V. Did the NDLB owe the Claimants a Duty of Care to take reasonable steps to protect their Health and Safety?
Introduction
Mr. Hendy contends that such a duty existed while Mr. Harvey submits that such a duty of care was only owed by the registered employer to the claimants but not by the NDLB. I was initially concerned about whether I could find a duty on the part of the
NDLB “to take reasonable steps to protect [the claimants’] health and safety” without also seeking to define that duty. In Crimmins v Stevedoring Industry Finance Committee [1999] HCA 59, the High Court of Australia had to decide whether the defendants owed a duty of care to the deceased. In answering this question in the affirmative, Gaudron J explained that:
“35 ….No question arises in this appeal as to what steps a reasonable authority would have taken in the circumstances of this case .It is, however, appropriate to note that that if there is a common law duty of care, that question was one to be decided by a jury.” .
So if I accept Mr. Hendy’s submission that the NDLB owed a duty of care to the claimants, the ambit of such a duty would in the absence of agreement between the parties have to be determined at a subsequent hearing . In order to determine if a duty was owed by the NDLB to the claimants, it is necessary to follow the approach of Lord Steyn in Marc Rich & Co v Bishop Rock Ltd [1996] AC 211 at 236 when he said that:
“None of the cases cited provide any realistic analogy to be used as a spring board for a decision one way or the other in this case. The present case can only be decided on the basis of an intense and particular focus on all its distinctive features, and then applying established legal principles to it”
So I must now consider the evidence in order to identify “the distinctive features” of this case and I bear in mind that the submission s have to be considered in the light of the port operations in Liverpool as a whole.
The distinctive features in the Regulations.
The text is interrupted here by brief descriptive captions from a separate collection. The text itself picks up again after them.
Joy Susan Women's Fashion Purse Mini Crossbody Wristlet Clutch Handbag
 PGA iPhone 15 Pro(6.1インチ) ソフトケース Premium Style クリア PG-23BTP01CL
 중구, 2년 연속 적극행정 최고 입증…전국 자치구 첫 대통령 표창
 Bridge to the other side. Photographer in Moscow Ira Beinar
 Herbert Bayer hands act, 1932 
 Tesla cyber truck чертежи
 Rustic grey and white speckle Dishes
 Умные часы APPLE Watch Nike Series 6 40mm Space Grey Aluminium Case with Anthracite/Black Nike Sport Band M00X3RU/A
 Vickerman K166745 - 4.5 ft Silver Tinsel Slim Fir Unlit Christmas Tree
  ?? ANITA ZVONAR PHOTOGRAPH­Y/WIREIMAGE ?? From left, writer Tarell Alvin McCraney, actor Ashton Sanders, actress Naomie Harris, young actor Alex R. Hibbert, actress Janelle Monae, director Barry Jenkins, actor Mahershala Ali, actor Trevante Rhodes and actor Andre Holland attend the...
44 A. I have already explained that the NDLB had no control over the way in which the dock workers performed their work when employed by registered employers but I now have to consider what interest the NDLB had in the working conditions of and demands made of the dock workers. There are three provisions in the Regulations, which constitute distinctive features relevant to the possible existence of a duty of care. They each have to be considered in the light of the fact that the NDLB was also charged with the duty of appointing local dock labour boards in each port and there were to be equal numbers of representatives of the dock workers and of the employers; paragraph 5 (1), (2) and (3) of
the Regulations.
44.B. The first relevant provision is, as I have explained, that the section 1 (2) (d) of the 1946 Act which created the NDLB provided that a scheme could make “.. satisfactory provision for the training and welfare of dock workers, insofar as such provision does not exist apart from the scheme…”. This provision was repeated in paragraph 3 (1) (g) of the Regulations. As I have explained, Professor Peter Turnbull state that the shipping lines and the other port users were often lax in their attention to accident prevention and to safety at work and in the provision of basic training and safety equipment. The conclusions of Lord Devlin’s Committee of Inquiry, to which I referred in paragraphs 14 and 15 above, provide strong supporting evidence. It is not suggested that there was any organisation other than the registered employers who could make provision for the training and welfare of dock workers. This meant that if the registered employers did not make satisfactory provision for the training and welfare of dock workers, the NDLB then in consequence had real obligations in relation to the training and welfare of dock workers. In any event, the NDLB must have had the obligation of investigating whether registered employers had made “satisfactory provision for the training and welfare of dock workers” because it was only by carrying out that exercise that the NDLB could ascertain if it had to provide provision for training and welfare. This meant that the NDLB had the duty to carry out inquiries about what registered employers were doing in respect of the “training and welfare of dock workers”. The “welfare” of the dock workers must have included conditions which would adversely affect the health of the dock workers. I cannot understand why the training of these workers should exclude matters which would damage their health.
The second relevant provision is paragraph 6 of the Regulations, by which it was provided (with my emphasis added) that:
“(1)…the local board shall be responsible to the National Board for matters of local policy and for local administration of the scheme, and in particular, without prejudice to the generality of this clause
(e) the allocation of daily workers in the reserve pool to registered employers, in doing which the local board shall
i. use every endeavour to supply men accustomed to the employer, and his operation and cargoes…”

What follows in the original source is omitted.